* Raw data *
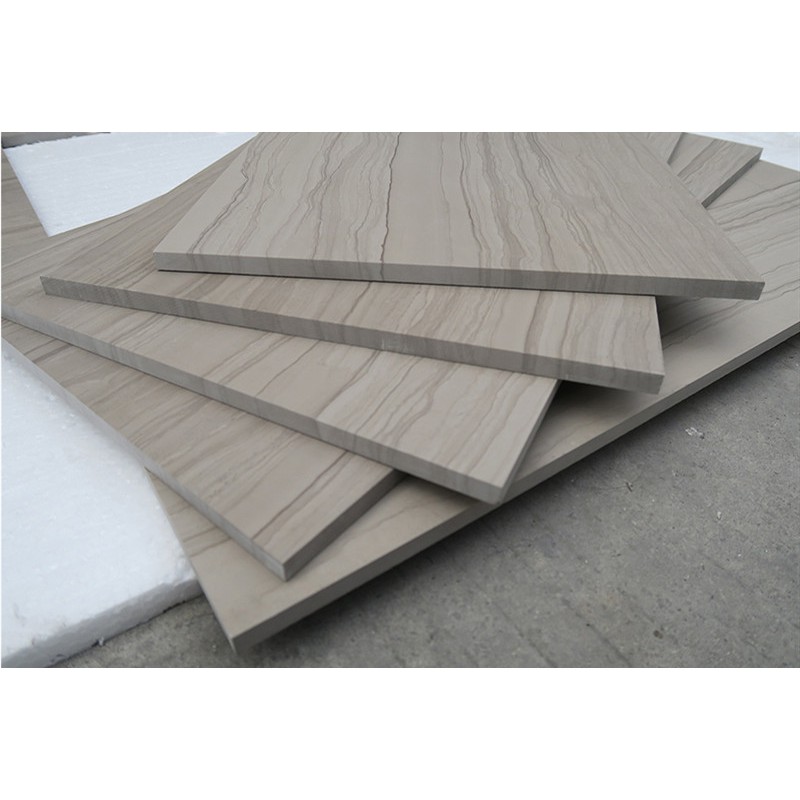 China Grey Wooden Vein Look Natural Stone Marble Tiles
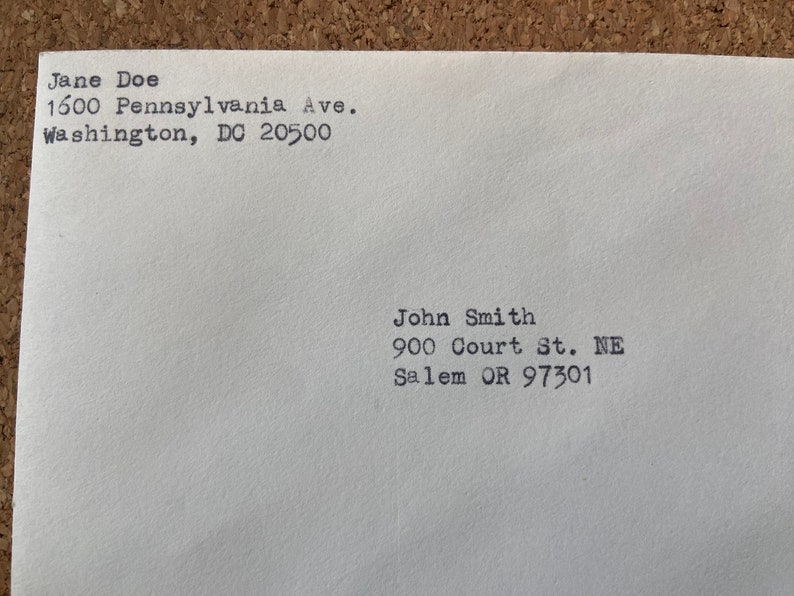 Custom Typewritten Letter, Poem, Message, Etc halfletter Sized, Choose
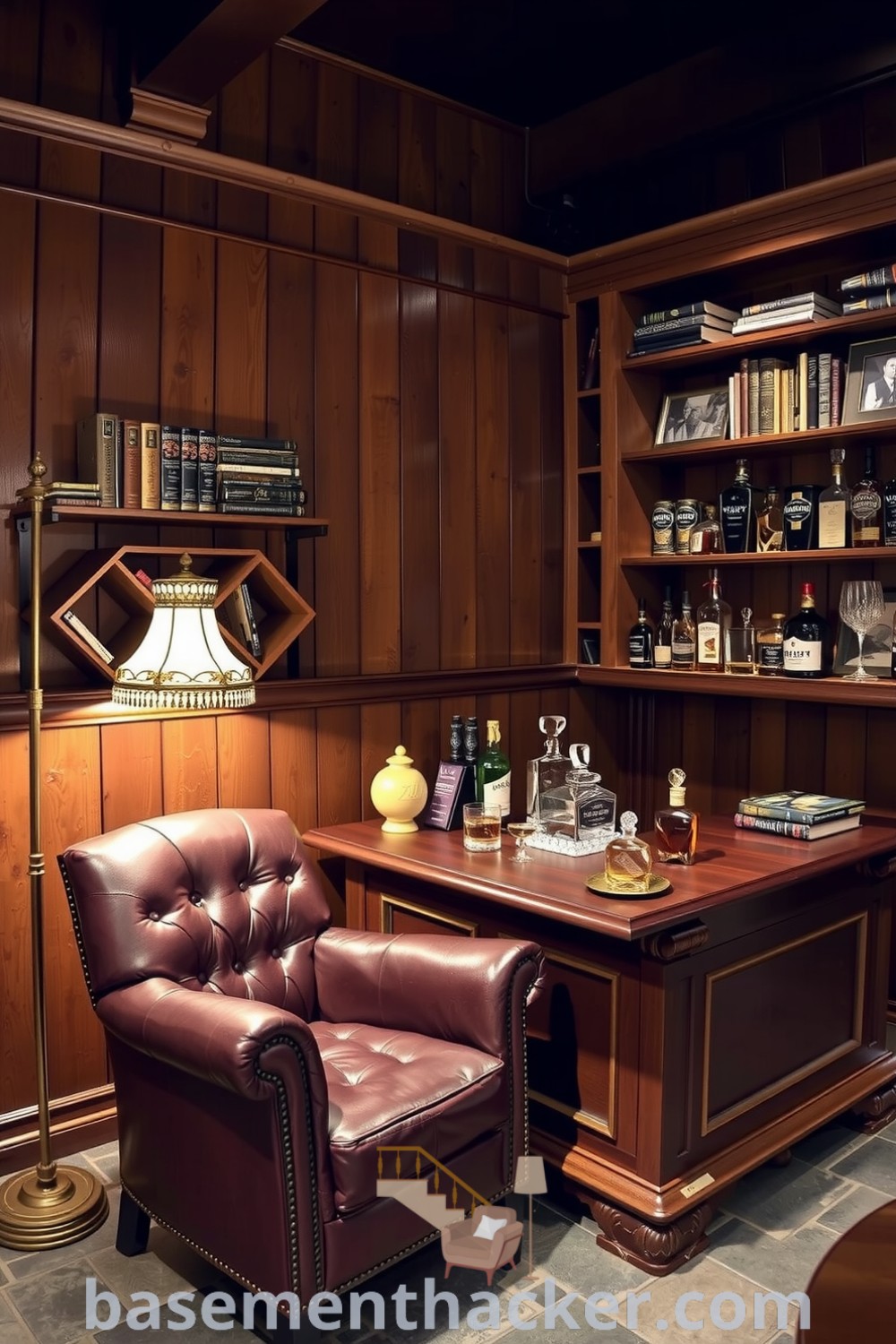 Elegant basement whiskey lounge with rich wooden paneling, plush leather armchair, and a handcrafted bar lined with crystal decanters for ultimate entertaining, showcased on basementhacker.com.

* Task directions *
In the listing, find the line with "Custom Typewritten Letter, Poem, Message, Etc" and retype exactly from there through the last line, both included, leaving the pictures out.

* Task solution *
 Custom Typewritten Letter, Poem, Message, Etc halfletter Sized, Choose
 Elegant basement whiskey lounge with rich wooden paneling, plush leather armchair, and a handcrafted bar lined with crystal decanters for ultimate entertaining, showcased on basementhacker.com.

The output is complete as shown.